Hrabal's writing is detailed, and has a rolling, dreamlike rhythm that is fiercely engaging, and the novel holds up to repeat readings very well.

I was pleasantly reminded of certain Fellini films - Hrabal similarly blends fantasy and the wooziness of memory with stark and sometimes nasty historical events.

Recommended.

-David Alston

Customer Rating: Average rating of 4/5Average rating of 4/5Average rating of 4/5Average rating of 4/5Average rating of 4/5
Summary: Funny, bittersweet personal narrative of Czech man in turbulent times
Comment: Generally speaking, I don't enjoy novels translated into English as much of the eloquence and humor is lost in translation. However, I really liked this book by Bohumil Hrabal (translated by Paul Wilson). Although the book is based on the rise and fall of a fictional person, the historical background is real enough. We trace the personal history of a young man named Dite (which means child in Czech). The story begins during Czechoslovakia's first republic, the nation's golden age. Dite is working as a lowly busboy, but he has dreams and is ambitious. We are with him when he loses his virginity at the local bordello and meets his first love. Dite, always on the lookout to improve his wealth and status, takes a new job at a very prestigious elite hotel, where he meets a whole host of fascinating characters.

Unfortunately, he loses his job, but lands a new one at the swank Paris Hotel in Prague (still exists by the way). He falls in love with a Czech citizen of German ethnicity - unfortunately in 1938 when the Germans had seized the Sudetenland and some Czechs had become extremely hostile toward all ethnic Germans. (Czechs have a long history of being occupied/exploited and are consequently xenophobic.) His girlfriend Lise is attacked by an angry Czech group, and Dite seeths with anger. The tables are turned, however, when the German army occupies Prague later that year, and Dite and Lise are being served by now subservient Czechs. Dite, despite being Czech, is nominally accepted into the ethnic-German community.

His life begins taking a surrealistic turn when he lives in a Nazi-designated breeding town, Decin. Though once passionately in love with Lise, they are drawn apart as the pressures of war and Nazi ideology separate them. Typically, despite this, they have a little boy, which Dite later discovers to be somewhat retarded. When the war comes crashing through Bohemia, Dite's life with Lise lies in ruins, and he is jailed first by the Nazis and then by the Czechs. After many months in prison, he is released and is determined to start a new life.

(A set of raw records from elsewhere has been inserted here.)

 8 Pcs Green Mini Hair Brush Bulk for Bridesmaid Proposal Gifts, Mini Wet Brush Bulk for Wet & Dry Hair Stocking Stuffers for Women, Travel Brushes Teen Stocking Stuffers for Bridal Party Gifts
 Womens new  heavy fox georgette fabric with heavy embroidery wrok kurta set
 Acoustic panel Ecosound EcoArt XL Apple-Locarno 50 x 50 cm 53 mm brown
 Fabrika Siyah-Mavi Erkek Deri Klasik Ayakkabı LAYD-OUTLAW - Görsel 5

Dite takes all the substantial savings he has accumulated over the years and invests it in a rather fantastic idea for a hotel. His idea takes off and is hugely successful. Unfortunately, fate deals him another cruel hand as the communists come to power in 1948. Inexplicably, he turns himself in to be imprisoned with all the other successful bourgeois hotel owners he has worked for. After his stint in a monastery prison, he is exiled to the now-depopulated Sudetenland to work as a roadkeeper on a road going nowhere.

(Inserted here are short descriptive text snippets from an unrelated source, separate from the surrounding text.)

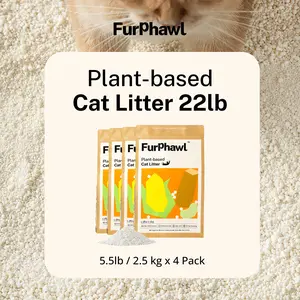 FurPhawl – Cassava Cat Litter, Quick Clumping, 100% Natural, Low Dust, Odor Control, Non-stick formula, Tapioca Cat Litter, Safe for Kitten & Self Cleaning Cat Litter Box, Baking Soda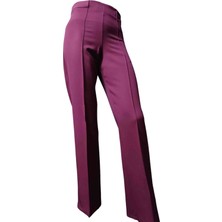 Moda Yiğit Bordo Kadın Blazer Ceket Pantolon Takım Elbise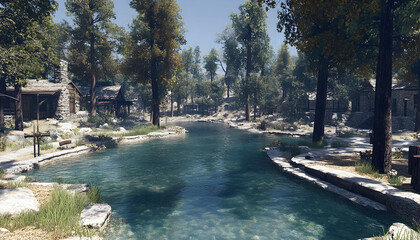 Serene Lakeside Village nestled in a lush forest. Stone cabins, tranquil water, and towering trees create a picturesque scene, perfect for relaxation and escape.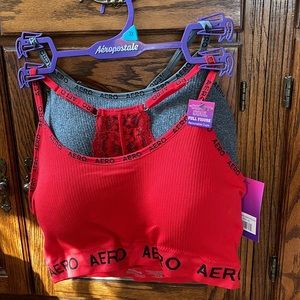 NWT AEROPOSTALE 2 PK RED & GRAY BRA SET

The beginning of the book is fun, racy, and exciting, but as the book continues it becomes more sober, introspective, and melancholic - much like the life of an average man I suppose. Hrabal does a wonderful job of bringing characters to life and revealing much of the humor and sadness of everyday Czech life.



Editorial Reviews:

A comic, picaresque novel set against the backdrop of twentieth-century Czech history, about the rise and fall of an ambitious busboy in Prague.